Johnson Podar, the national director of the Buhari Campaign Organisation (BCO), has sued the Plateau State chapter of the ruling All Progressives Congress (APC) over alleged injustice during the party’s state congress.
Podar, who filed the case at the State High Court, Bukuru, Jos South LGA, is seeking the nullification of the state congress that brought the current state executive council into office on the grounds that the said congress was not conducted according to APC’s stipulated guidelines.
The plaintiff, who is from Fier Ward in Pankshin Local Government Area of the State, claimed that he had signified interest in contesting for the state chairmanship seat, and paid the N100,000 fee for the nomination form.
According to him, after submitting the nomination form, he embarked on campaigns for the election, but was not allowed to contest for the seat.
“When we convened at the congress venue on May 19, 2018, the chairman of the state congress said that two persons were contesting for the post of state chairman, but that the person contesting against the incumbent chairman, Mr Dabang Letep, had been disqualified because his name is not in the APC register.
“Summarily, he proceeded to call Letep to stand before the congress as the sole contestant”.
“I repeatedly raised my hand to observe a point of order but was not given audience to be heard on the matter,’’ he claimed in the affidavit.

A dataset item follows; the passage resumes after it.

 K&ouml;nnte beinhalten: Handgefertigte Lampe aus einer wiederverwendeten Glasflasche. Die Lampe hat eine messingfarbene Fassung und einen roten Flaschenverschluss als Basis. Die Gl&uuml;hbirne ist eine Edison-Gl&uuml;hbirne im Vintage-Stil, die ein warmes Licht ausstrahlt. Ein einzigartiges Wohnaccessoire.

Podar further claimed that he stood up and publicly protested his disqualification, while waving his APC membership card with registration number 11249, to confirm that he was a registered member of the party.
The plaintiff, who claimed that his protest fell on deaf ears, declared that there was no ground for his disqualification since his nomination form was endorsed by APC officials in his Fier Ward.

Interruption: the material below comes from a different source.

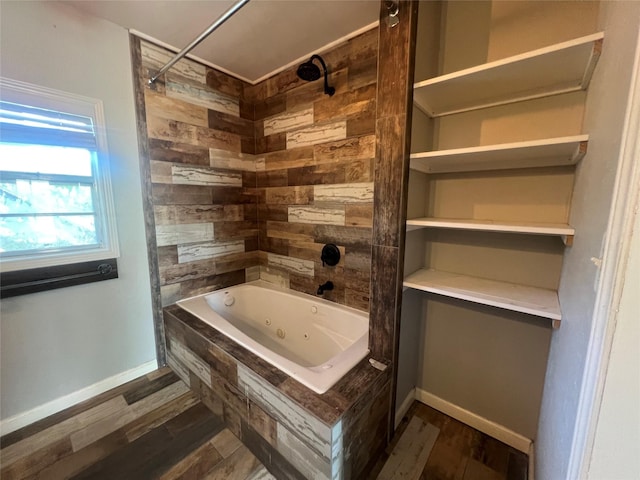 10011 Schanzer Rd, Hitchcock, TX 77563 - full bathroom featuring a combined bath / shower with jetted tub, wood finished floors, and baseboards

He said that he was forced to leave the congress venue when it became clear that the officials had made up their minds to sideline him.
The Director of Mobilisation, therefore, urged the court to nullify the said election and declare the existence of the state working committee a nullity.
“If the court finds that the congress was not done rightly, it means that any action undertaken by the benefiting executive members since they were sworn in, including the primary elections they conducted, should be declared a nullity,’’ he averred.
When the case came up for hearing, Podar’s Counsel, Samuel Abba, restated that his client was wrongfully disenfranchised.
Abba, however, explained that he had been served with a counter affidavit and a notice of preliminary objection challenging the jurisdiction of the court to hear the matter.
He quoted the defendants as saying, in the preliminary objection, that the matter was a “domestic affair’’ and the court had no right to delve into the affairs of a political party.
In his reaction to such claims, Abba said that if the court could pronounce on issues of husband and wife, which was more domestic, there was no reason to stop it from making pronouncement on political party issues that were even more public.
He said that he had filed a response to the objections, and that the defendant had sought for more time to respond to it, and had been obliged by the court.
In his argument, Counsel to the defendants, Chindak Dakas, reaffirmed the position that the court had no jurisdiction to entertain the matter on the basis that it was purely an internal affair of the political party.
He also pointed out that INEC, which was a necessary party on all electoral matters, was not joined in the case.
Dakas said that the party needed time to respond to the plaintiff’s reaction to the preliminary objection.
Meantime, after listening to both sides, Justice Ishaku Kunda, adjourned the matter to February 7, 2019, for further hearing.